Pictures with short captions
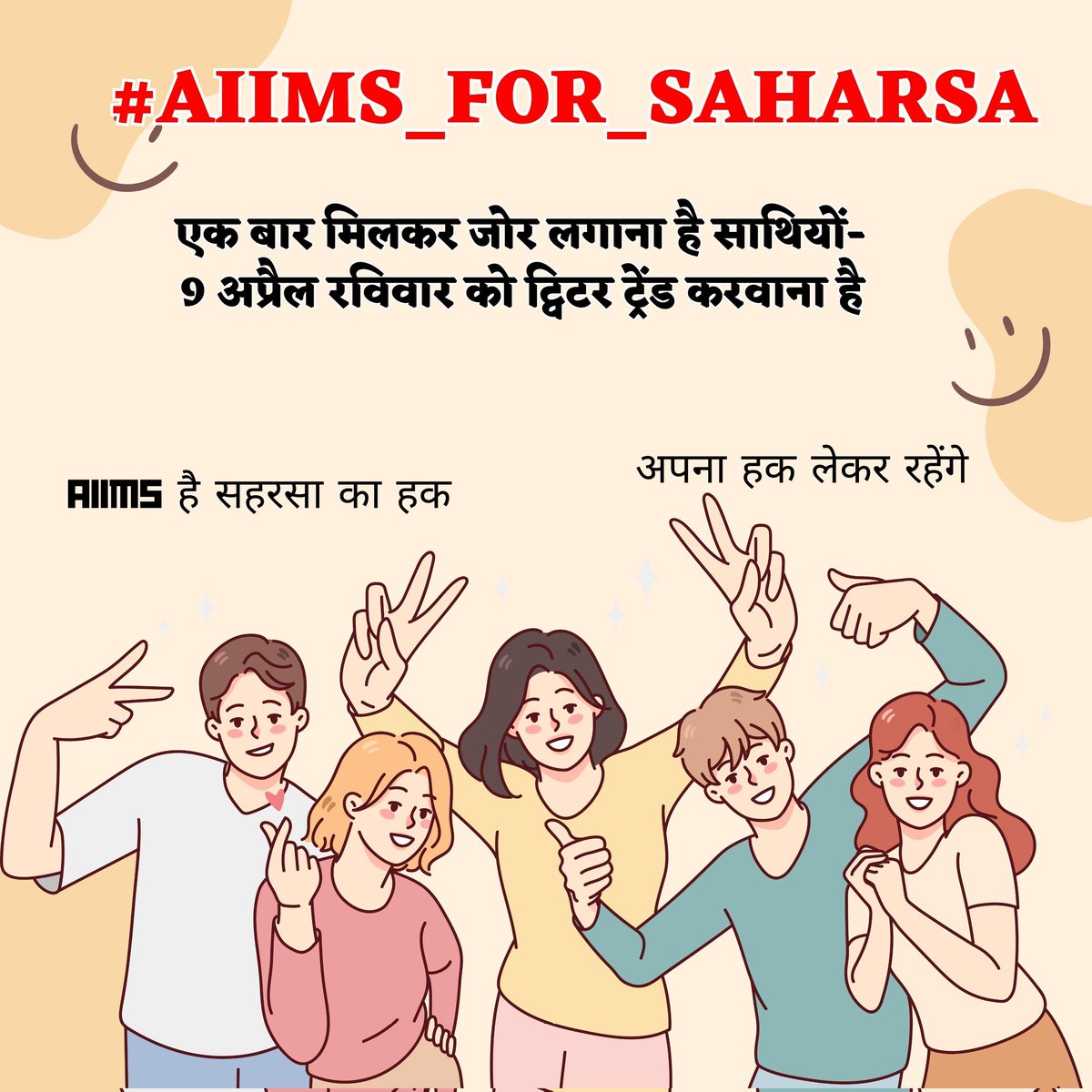 AngadKumar108's tweet photo. #AIIMS_FOR_SAHARSA
#9 APRIL
हमें हमारा हक दे दो सरकार
@narendramodi @mansukhmandviya 
@NitishKumar @yadavtejashwi https://t.co/DXryPNsmib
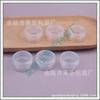 Botella de Crema de 10 ml Caja de Sombra de Ojos Botella Caja de Polvo Caja de Maquillaje 10 g Botella de Crema Facial Crema para Ojos Mascarilla Botella de Burbujas
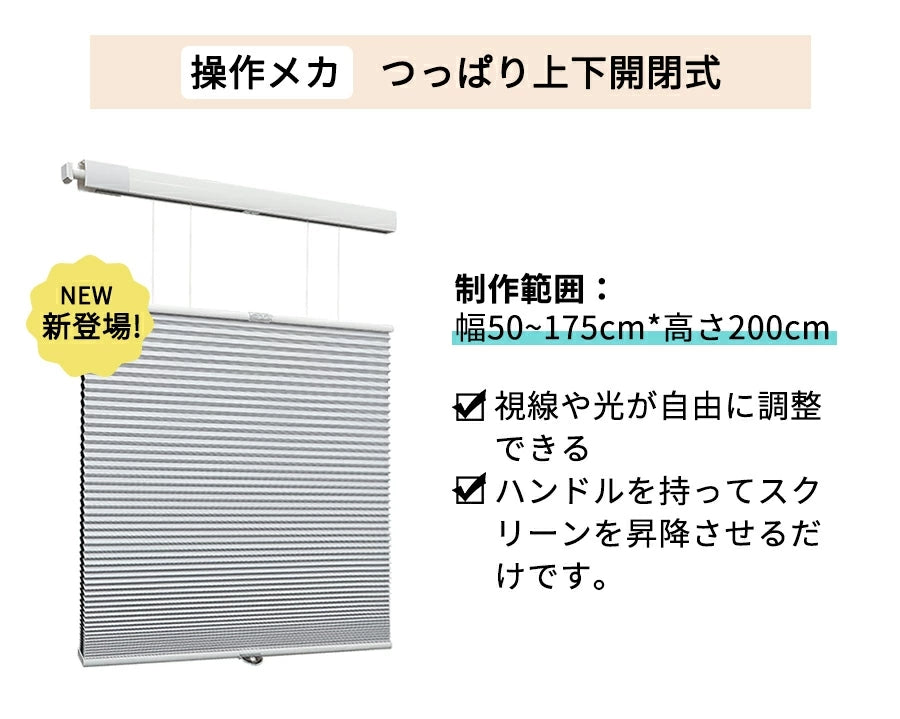 ハニカムシェード 突っ張り式 小窓用 細長タイプ 遮光 上下開閉 寒さ対策 ハニカムスクリーン コードレス つっぱり式 賃貸対応 プリーツスクリーン 遮光ブラインド 穴開け不要 断熱スクリーン 幅31～200cm 高さ220cm UVカット 2年保証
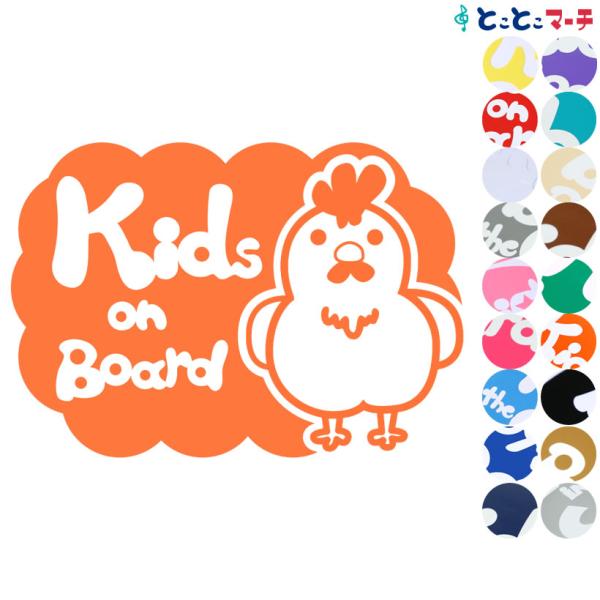 Kids on board 鶏 にわとり ニワトリ えっへん 吹き出し 可愛い 干支 動物 ステッカ...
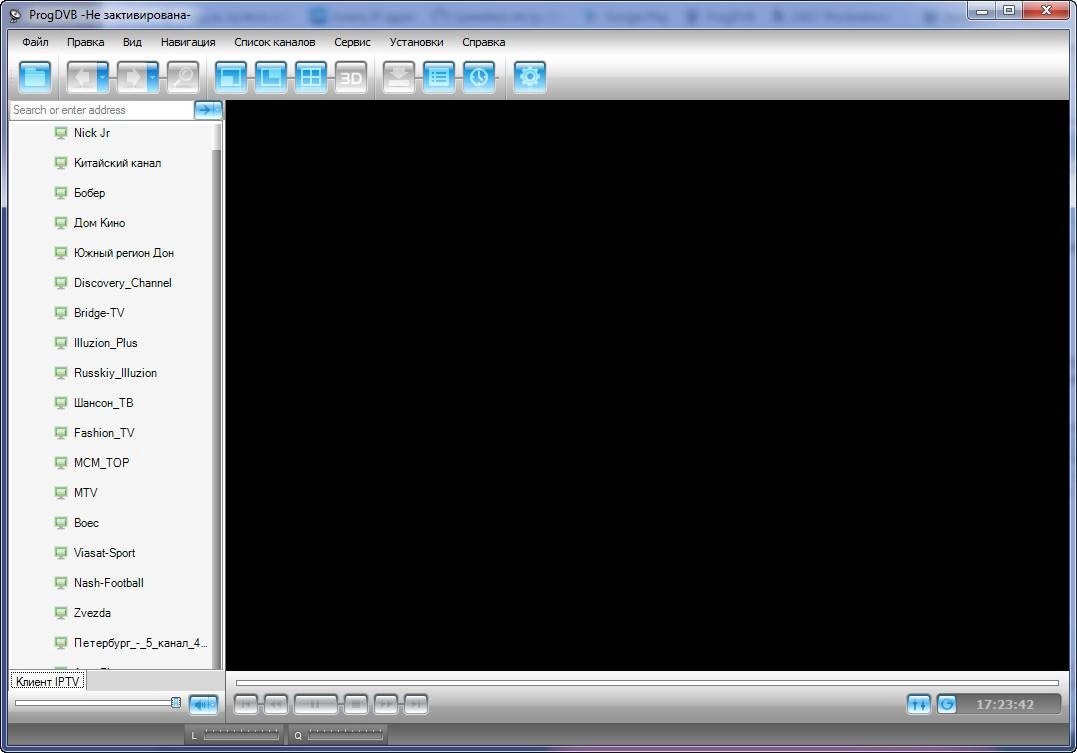 Активация ProgDVB 7.11.0 Professional Edition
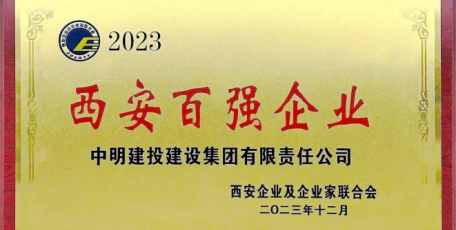 喜報(bào)！2023年西安百強(qiáng)企業(yè)榜單發(fā)布 中明建投集團(tuán)大幅上升9位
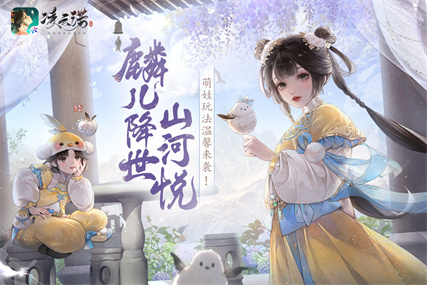 ����ŵ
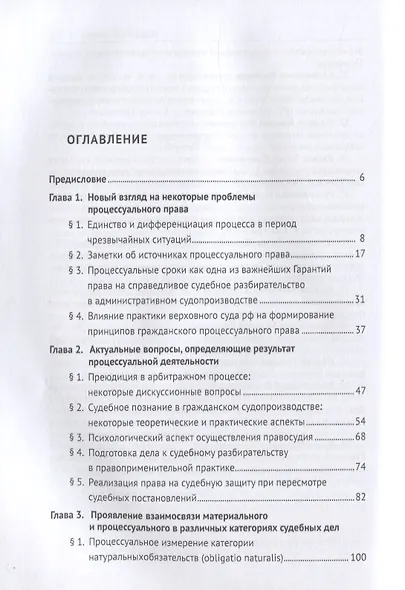 Судебная защита: новеллы и традиции в теории, законодательстве и право-применении. Монография - фото 2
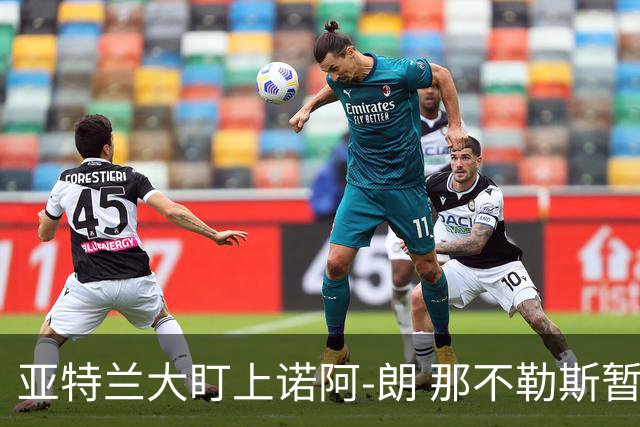 亚特兰大盯上诺阿-朗 那不勒斯暂不接受租借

- Aim of the exercise: The answer consists of the records repeated exactly, without any images.

- Response:
 AngadKumar108's tweet photo. #AIIMS_FOR_SAHARSA
#9 APRIL
हमें हमारा हक दे दो सरकार
@narendramodi @mansukhmandviya 
@NitishKumar @yadavtejashwi https://t.co/DXryPNsmib
 Botella de Crema de 10 ml Caja de Sombra de Ojos Botella Caja de Polvo Caja de Maquillaje 10 g Botella de Crema Facial Crema para Ojos Mascarilla Botella de Burbujas
 ハニカムシェード 突っ張り式 小窓用 細長タイプ 遮光 上下開閉 寒さ対策 ハニカムスクリーン コードレス つっぱり式 賃貸対応 プリーツスクリーン 遮光ブラインド 穴開け不要 断熱スクリーン 幅31～200cm 高さ220cm UVカット 2年保証
 Kids on board 鶏 にわとり ニワトリ えっへん 吹き出し 可愛い 干支 動物 ステッカ...
 Активация ProgDVB 7.11.0 Professional Edition
 喜報(bào)！2023年西安百強(qiáng)企業(yè)榜單發(fā)布 中明建投集團(tuán)大幅上升9位
 ����ŵ
 Судебная защита: новеллы и традиции в теории, законодательстве и право-применении. Монография - фото 2
 亚特兰大盯上诺阿-朗 那不勒斯暂不接受租借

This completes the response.